その少し後ろをふらふらと歩いているのは、その子供より少し背の高い狐耳を生やしたもののけだった。
「ニノ君は、器用だねぇ」
「小さい頃からやっていましたから」
基本的に、ニノは今まで一人だったユズと組んで仕事をしている。名目はユズのサポートだが、実際はユズのお目付け役だ。放っておくと仕事だけを済ませてどこかに行ってしまうユズをしっかりと報告までさせるためである。
実際メルの目論見は成功し、今まで不明瞭だったユズの仕事がしっかりと報告書として上がってくるので随分と彼女は楽ができている。
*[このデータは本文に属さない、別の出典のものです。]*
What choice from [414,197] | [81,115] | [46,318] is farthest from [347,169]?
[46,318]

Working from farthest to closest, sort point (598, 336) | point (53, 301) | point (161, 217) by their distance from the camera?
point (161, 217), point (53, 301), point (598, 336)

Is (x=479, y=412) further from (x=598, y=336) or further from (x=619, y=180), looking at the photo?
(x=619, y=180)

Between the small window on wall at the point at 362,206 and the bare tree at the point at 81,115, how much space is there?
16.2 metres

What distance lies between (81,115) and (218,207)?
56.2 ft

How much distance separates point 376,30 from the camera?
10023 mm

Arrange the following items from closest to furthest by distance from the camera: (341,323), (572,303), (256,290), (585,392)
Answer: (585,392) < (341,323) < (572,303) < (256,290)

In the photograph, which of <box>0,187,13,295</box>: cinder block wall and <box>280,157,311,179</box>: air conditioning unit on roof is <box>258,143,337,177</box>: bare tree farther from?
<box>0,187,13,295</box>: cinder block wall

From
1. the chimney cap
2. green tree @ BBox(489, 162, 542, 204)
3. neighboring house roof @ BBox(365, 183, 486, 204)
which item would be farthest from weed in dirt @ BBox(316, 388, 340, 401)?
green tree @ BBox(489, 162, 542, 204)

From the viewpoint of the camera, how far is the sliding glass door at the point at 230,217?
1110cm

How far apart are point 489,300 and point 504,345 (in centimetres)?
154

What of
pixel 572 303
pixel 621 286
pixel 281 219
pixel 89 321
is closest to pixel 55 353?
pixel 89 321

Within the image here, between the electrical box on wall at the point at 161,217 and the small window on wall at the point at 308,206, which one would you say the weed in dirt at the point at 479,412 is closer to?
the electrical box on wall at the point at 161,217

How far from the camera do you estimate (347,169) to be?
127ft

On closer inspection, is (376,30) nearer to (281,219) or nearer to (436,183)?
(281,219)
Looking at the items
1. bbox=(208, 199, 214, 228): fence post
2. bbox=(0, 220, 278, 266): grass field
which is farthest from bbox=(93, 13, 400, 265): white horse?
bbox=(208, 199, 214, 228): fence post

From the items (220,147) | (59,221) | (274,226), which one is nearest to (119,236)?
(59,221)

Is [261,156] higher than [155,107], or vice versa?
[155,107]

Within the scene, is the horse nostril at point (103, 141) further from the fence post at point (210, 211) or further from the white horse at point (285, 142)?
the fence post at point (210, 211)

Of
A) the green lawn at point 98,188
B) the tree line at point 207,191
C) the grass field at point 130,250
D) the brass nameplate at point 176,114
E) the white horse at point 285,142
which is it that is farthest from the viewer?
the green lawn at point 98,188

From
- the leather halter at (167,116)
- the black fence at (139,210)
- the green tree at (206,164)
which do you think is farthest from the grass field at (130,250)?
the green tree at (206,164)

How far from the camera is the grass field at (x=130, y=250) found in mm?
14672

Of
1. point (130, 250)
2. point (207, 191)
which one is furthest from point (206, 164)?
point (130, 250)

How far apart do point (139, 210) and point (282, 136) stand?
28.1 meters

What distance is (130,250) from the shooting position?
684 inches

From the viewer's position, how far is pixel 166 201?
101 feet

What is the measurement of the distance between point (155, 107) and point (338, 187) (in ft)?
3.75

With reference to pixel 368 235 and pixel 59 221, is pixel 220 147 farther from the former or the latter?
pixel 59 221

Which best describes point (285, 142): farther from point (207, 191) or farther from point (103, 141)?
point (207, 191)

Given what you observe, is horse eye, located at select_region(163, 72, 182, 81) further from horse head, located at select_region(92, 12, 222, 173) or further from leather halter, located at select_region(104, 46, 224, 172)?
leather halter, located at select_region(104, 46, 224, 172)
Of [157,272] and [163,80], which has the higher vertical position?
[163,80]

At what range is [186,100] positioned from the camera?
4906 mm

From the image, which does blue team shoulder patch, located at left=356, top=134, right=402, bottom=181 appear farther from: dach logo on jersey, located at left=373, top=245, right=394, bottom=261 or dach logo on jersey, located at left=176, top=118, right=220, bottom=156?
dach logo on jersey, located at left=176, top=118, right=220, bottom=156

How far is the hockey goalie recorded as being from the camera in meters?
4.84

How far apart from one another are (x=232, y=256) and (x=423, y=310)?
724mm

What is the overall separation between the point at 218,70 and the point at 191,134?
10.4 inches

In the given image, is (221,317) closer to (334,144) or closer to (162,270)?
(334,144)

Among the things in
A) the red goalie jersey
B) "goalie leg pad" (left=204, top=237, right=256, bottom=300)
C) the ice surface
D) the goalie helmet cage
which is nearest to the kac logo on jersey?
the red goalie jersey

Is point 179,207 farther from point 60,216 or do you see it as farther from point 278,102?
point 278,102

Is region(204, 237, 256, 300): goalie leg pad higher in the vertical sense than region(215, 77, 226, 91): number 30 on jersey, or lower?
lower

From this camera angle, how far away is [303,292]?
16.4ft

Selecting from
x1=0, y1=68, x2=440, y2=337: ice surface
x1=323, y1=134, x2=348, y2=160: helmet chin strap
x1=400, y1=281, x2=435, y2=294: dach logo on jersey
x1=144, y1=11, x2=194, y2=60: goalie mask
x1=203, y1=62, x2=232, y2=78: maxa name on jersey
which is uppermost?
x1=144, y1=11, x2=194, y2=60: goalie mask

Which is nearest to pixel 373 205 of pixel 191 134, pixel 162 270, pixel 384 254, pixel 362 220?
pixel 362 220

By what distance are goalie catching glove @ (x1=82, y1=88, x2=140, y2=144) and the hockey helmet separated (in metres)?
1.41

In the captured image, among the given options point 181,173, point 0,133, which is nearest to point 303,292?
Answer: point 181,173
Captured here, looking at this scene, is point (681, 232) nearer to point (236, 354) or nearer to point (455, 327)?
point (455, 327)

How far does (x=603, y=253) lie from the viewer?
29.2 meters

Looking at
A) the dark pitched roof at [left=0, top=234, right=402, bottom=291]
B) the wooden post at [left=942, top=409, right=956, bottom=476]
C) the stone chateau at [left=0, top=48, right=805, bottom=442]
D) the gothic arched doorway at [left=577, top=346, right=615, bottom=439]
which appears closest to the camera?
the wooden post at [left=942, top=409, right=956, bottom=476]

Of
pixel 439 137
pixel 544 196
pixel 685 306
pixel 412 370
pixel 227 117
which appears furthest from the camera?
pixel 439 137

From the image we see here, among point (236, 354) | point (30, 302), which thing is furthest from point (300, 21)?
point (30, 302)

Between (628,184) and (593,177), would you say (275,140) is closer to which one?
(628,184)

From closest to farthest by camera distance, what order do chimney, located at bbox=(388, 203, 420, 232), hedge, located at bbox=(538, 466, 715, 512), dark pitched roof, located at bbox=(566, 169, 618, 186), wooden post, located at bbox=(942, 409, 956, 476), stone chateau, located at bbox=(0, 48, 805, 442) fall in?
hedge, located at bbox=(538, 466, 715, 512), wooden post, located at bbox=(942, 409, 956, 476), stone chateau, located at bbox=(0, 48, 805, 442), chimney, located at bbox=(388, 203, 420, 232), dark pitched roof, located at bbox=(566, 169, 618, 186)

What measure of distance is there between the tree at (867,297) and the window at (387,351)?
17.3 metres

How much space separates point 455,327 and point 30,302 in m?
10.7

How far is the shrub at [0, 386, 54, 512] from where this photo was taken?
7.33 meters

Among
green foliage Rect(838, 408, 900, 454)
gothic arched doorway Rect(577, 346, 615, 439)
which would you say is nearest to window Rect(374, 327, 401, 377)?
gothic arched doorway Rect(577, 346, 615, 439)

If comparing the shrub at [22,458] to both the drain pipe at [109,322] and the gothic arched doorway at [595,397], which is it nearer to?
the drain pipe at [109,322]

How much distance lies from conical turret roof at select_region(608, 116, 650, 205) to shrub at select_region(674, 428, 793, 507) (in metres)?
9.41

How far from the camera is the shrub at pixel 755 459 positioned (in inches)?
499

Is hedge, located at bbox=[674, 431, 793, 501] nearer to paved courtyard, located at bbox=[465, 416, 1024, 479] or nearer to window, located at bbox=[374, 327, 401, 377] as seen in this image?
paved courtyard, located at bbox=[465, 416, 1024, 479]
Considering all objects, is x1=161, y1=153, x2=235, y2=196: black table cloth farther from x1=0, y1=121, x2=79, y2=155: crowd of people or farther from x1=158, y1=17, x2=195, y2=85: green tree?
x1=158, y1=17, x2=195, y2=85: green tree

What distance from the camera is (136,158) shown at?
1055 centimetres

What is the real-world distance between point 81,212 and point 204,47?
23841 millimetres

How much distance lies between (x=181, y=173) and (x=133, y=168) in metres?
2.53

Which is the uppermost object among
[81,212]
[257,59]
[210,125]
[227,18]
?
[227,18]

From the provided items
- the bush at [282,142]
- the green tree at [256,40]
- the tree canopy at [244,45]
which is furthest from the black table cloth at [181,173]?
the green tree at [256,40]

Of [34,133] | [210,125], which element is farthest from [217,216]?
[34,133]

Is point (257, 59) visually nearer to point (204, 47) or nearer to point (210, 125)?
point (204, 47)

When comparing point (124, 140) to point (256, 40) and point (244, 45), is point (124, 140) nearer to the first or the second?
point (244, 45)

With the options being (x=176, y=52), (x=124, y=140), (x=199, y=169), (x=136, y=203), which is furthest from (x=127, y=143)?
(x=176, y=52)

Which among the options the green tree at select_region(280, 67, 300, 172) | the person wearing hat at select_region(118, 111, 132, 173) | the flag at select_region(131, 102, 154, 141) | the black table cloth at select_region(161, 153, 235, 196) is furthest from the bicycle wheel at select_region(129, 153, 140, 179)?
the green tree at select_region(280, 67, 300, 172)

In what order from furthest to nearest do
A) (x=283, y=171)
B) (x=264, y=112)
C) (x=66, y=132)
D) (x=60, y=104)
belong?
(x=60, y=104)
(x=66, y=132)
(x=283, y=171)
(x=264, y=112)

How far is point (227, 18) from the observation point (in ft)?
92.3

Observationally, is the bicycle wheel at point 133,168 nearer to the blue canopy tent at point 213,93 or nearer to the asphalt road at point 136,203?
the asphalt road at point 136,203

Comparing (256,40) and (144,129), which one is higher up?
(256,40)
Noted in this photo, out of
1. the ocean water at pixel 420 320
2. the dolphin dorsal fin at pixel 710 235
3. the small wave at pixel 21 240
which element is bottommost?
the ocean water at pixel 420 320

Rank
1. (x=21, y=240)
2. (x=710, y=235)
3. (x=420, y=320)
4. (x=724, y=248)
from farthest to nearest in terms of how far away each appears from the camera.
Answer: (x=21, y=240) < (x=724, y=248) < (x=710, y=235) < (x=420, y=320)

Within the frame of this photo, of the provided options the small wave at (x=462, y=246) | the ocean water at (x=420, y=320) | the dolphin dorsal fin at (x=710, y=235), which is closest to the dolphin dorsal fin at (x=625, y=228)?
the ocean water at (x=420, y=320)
そういう意味では、ヘイズの采配は正しかったといえるだろう。
「今日は観光地の風車なので、シーズン前に点検をということです。出来れば作業も人がくるお昼前に、と」
「わかっているってぇ~。ニノ君、結構私のことダメなやつだとおもってるでしょぉ~
「結構じゃなくて、かなり思ってます」
「うあぁ、直球ぅ~~」
まったく酷いといった顔もせずに抗議の声を上げるユズ。
観光地は、22番地の中央通りをまっすぐ進むと現れる。柱の街の中でも22番地は有数の大きさで、風上街だけで言えば一番である。そのため、世界の一番前だなんていうそんな触れ込みで先端部分は観光地として繁盛しているのだ。
「観光地仕様の、真っ白な風車だそうですよ」
「へぇ、真っ白な、ねぇ」
細い目を、さらに細めてユズが呟く。
「そういえば」
観光地区あたりに入ると、質素な圧縮木材の床が次第に飾り彫りや塗り分けされた舗装床になり始める。街並みも煩雑な街から景観を重視した整列した並びになる。そんなあたりで、ふと先を行くニノが振り返った。
「ユズさんは、9番地に住んでいるんですよね?」
「……へ?」
「初めてお会いしたときに、そう」
「え、えーと」
何を言っているのか、と首を傾げかけた瞬間思い当たった。暗がりで顔は確かにじっとは見ていない。だが、確かにこの声と体格。
あの日9番地で出会ったあの少年だった。
「あ……なに、いってるのかなぁ?」
「黒い肌ともっと大きな背だったのですぐに気がつきませんでしたけど」
「く、黒い肌? め、めめめめ珍しい肌だねぇ」
「耳も尻尾も変わってないじゃないですか」
「……えーと。その、できれば忘れてほしいかなぁって」
ぱっと、思わずユズは己の頭に生えた耳を手で抑える。
もののけの固有パーツは彼ら個人個人で違い同じものは絶対にない。とはいえ余り知られている事実ではないのだが。
「あれは、もののけのお仕事で……本当は秘密なんだよぉ」
「……はぁ。なるほど。判りました。じゃぁ代わりに一つ」
こほんと咳払いをして、ニノがユズの眼を見つめる。
「な、なにかなぁ。できる事なら何でもするよぉ」
「それはありがたいです。知りたいことが一つだけあるので、もしご存知なら教えてください」
「どーんときてよぉ、スリーサイズだって答えるよ~」
「メルさんの本名、教えてください」
思わずユズは固まってしまった。彼らもののけは表情に感情が乗りづらいが、体の表面に感情が出る。怒れば猫のようにあわ立ち、悲しめばつやをなくす、そして緊張すれば硬くなるのだ。ある意味人よりも分かりやすい。
「ご存知、ですよね?」
「えー、まぁ。そうだねぇ……しかし本人の承諾なしでぇ」
「名前きくのに、承諾が?」
「う……」
「なにか秘密でも? 社長も教えてくれませんでし――」
「あ、ちょっとトイレ行って来ていいかなぁ~?」
止める間もなくユズは近くにあった飲食店に入っていった。
――逃げられました。
誰も彼もが、メルの名前を教えてはくれない。調べようにも調べる手段はなく、手をこまねくばかりだ。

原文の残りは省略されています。